◆ **Task**
Beginning with the line that holds "Chanel Lambskin CC" and finishing with the line that holds "Letters to Parents!", repeat the listing exactly, leaving every picture out.
Segment Start: Records for processing
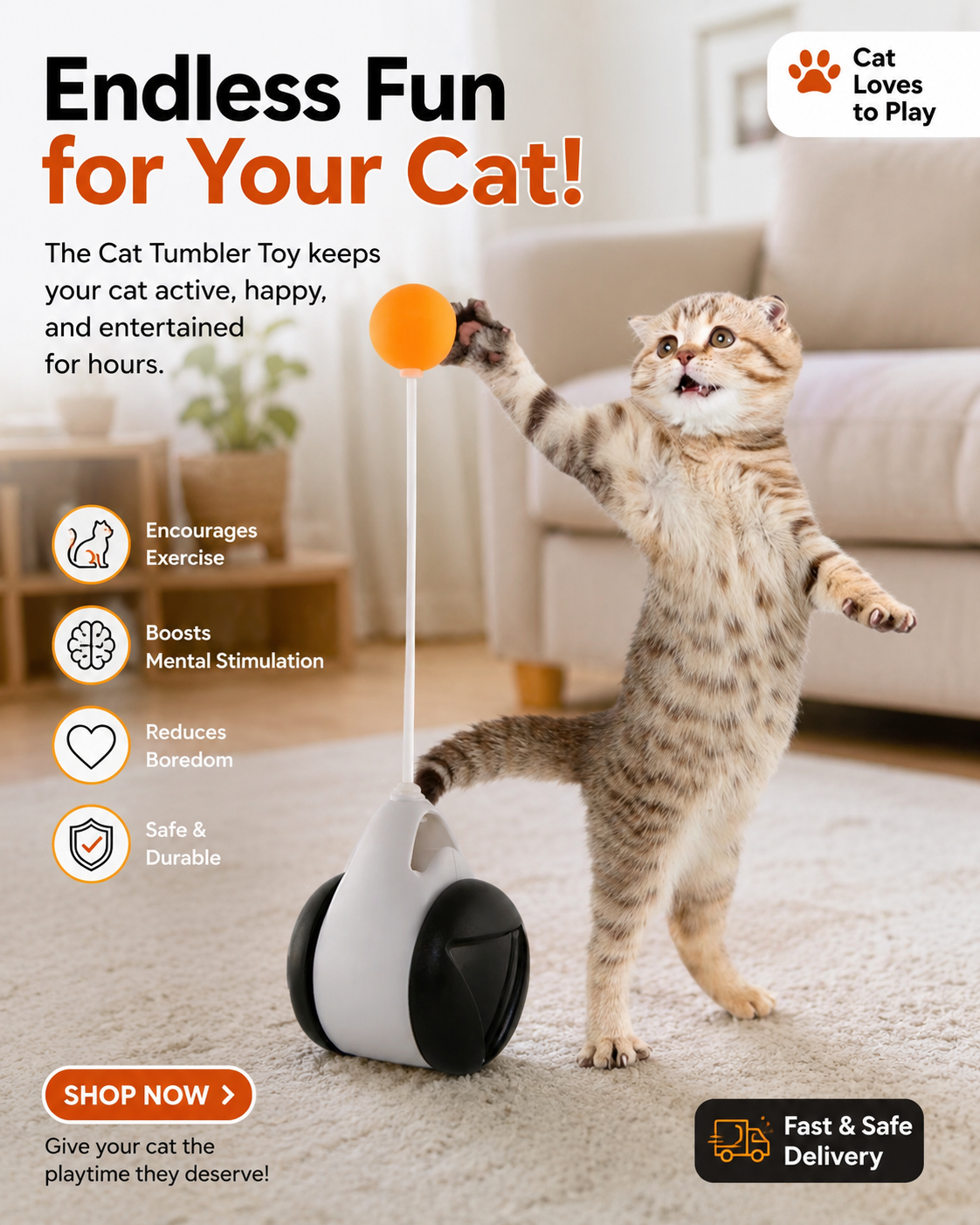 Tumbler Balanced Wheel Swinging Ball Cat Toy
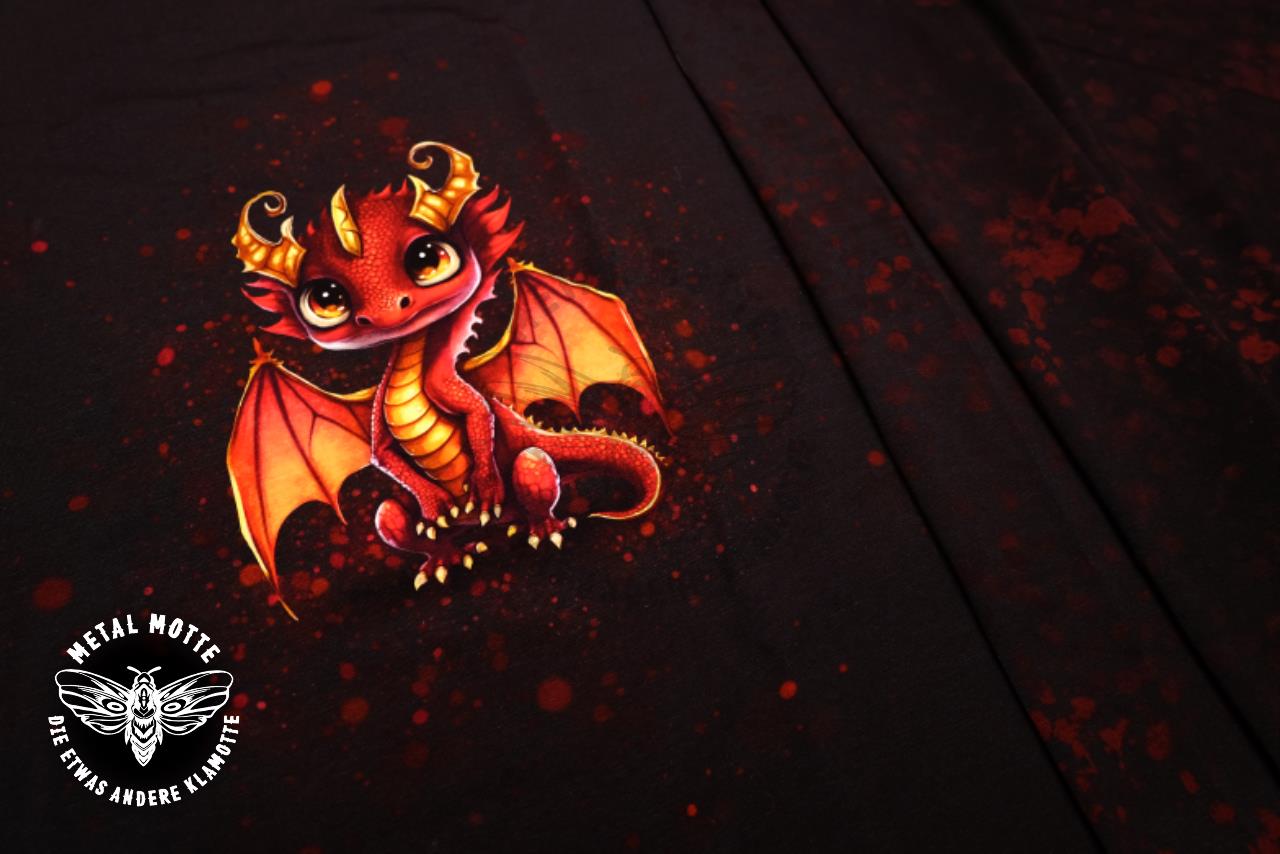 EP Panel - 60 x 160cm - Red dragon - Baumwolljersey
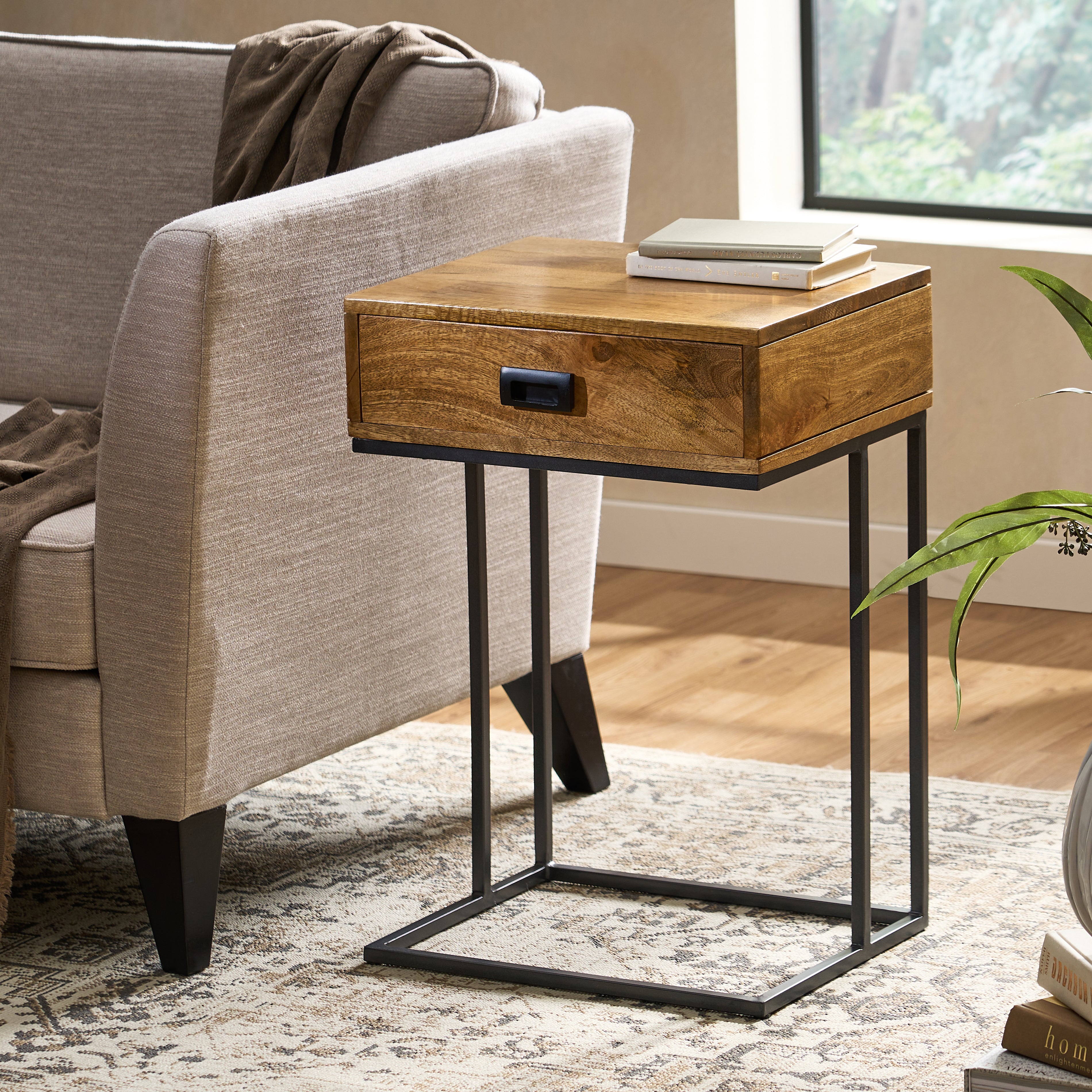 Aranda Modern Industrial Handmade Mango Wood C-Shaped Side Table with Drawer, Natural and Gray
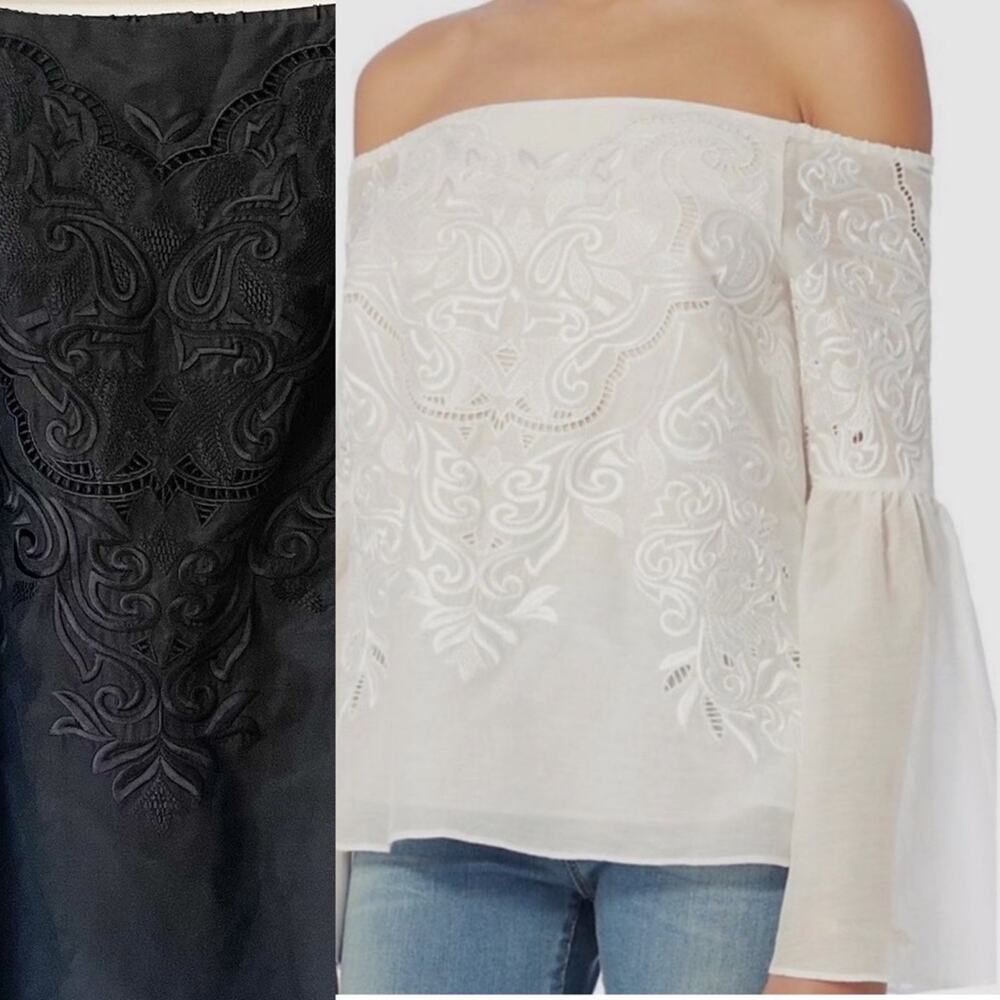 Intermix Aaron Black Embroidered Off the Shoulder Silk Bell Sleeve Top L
Segment End: Records for processing
Segment Start: Records for processing
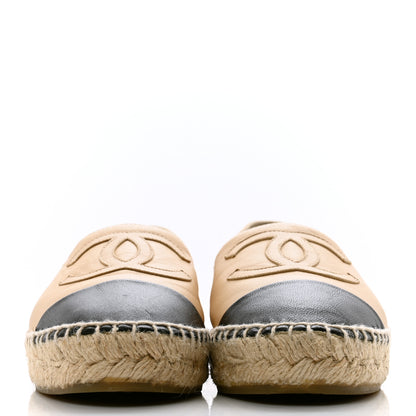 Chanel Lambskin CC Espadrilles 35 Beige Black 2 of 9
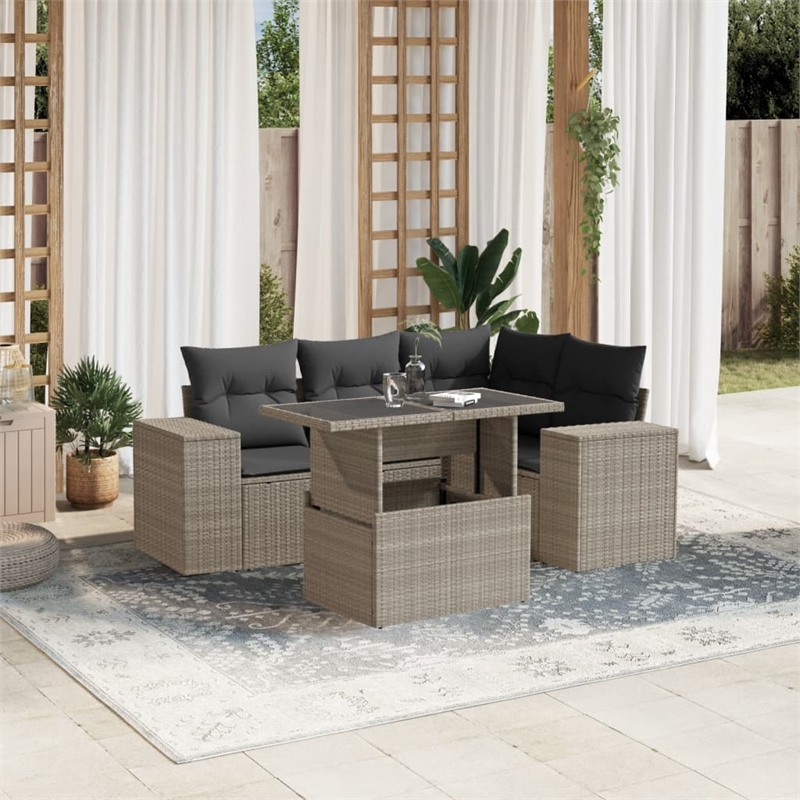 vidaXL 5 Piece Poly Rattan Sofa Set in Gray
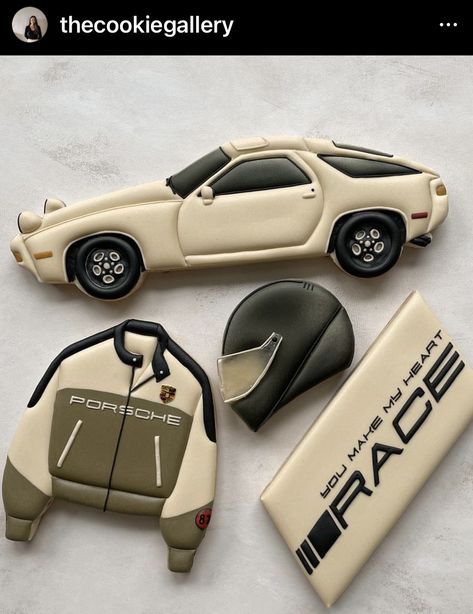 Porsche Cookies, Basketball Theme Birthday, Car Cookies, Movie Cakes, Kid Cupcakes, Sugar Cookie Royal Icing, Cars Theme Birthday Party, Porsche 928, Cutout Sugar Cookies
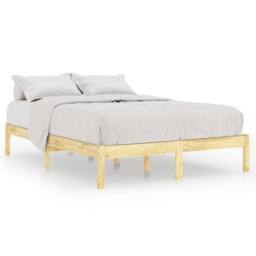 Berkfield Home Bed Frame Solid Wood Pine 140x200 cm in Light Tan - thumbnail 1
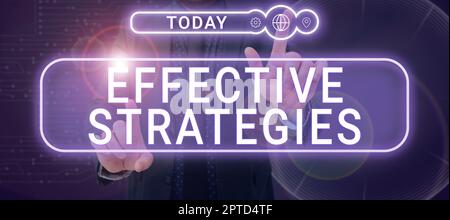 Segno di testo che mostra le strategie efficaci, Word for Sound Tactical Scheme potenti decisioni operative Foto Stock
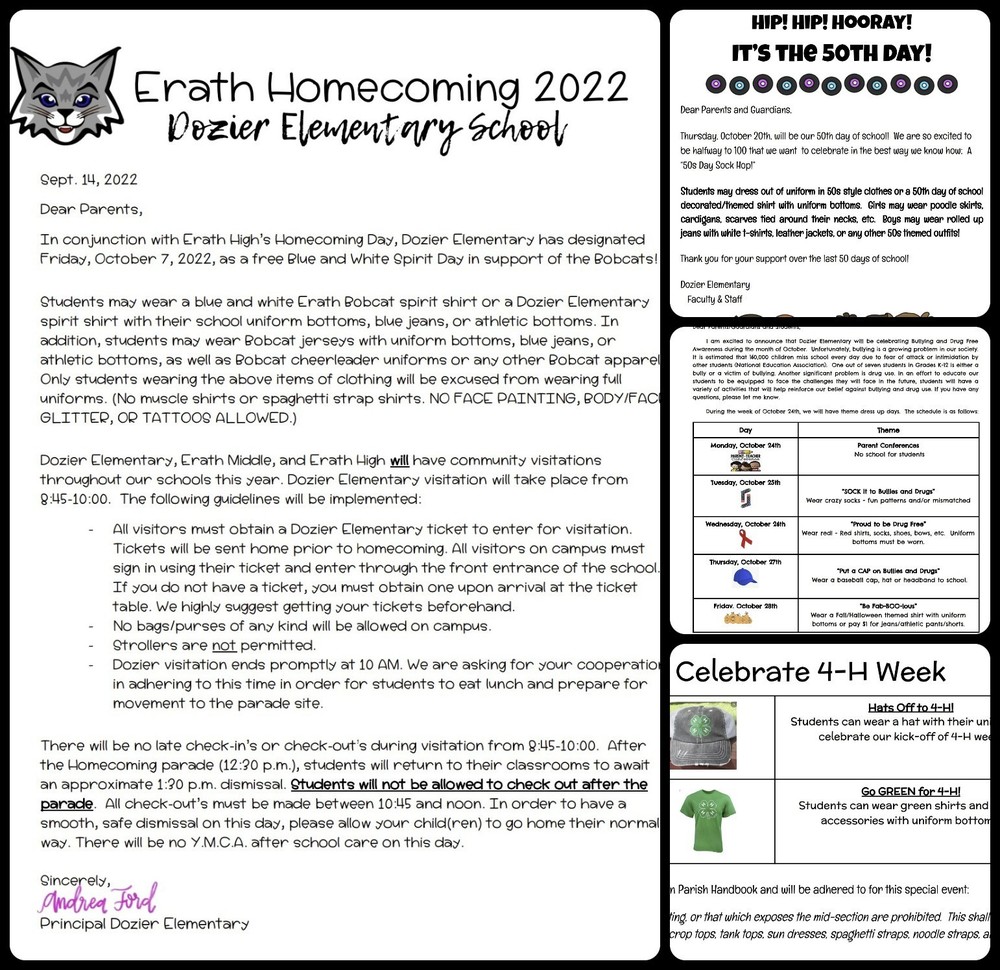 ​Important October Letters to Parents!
Segment End: Records for processing
◆ **Your solution**
 Chanel Lambskin CC Espadrilles 35 Beige Black 2 of 9
 vidaXL 5 Piece Poly Rattan Sofa Set in Gray
 Porsche Cookies, Basketball Theme Birthday, Car Cookies, Movie Cakes, Kid Cupcakes, Sugar Cookie Royal Icing, Cars Theme Birthday Party, Porsche 928, Cutout Sugar Cookies
 Berkfield Home Bed Frame Solid Wood Pine 140x200 cm in Light Tan - thumbnail 1
 Segno di testo che mostra le strategie efficaci, Word for Sound Tactical Scheme potenti decisioni operative Foto Stock
 ​Important October Letters to Parents!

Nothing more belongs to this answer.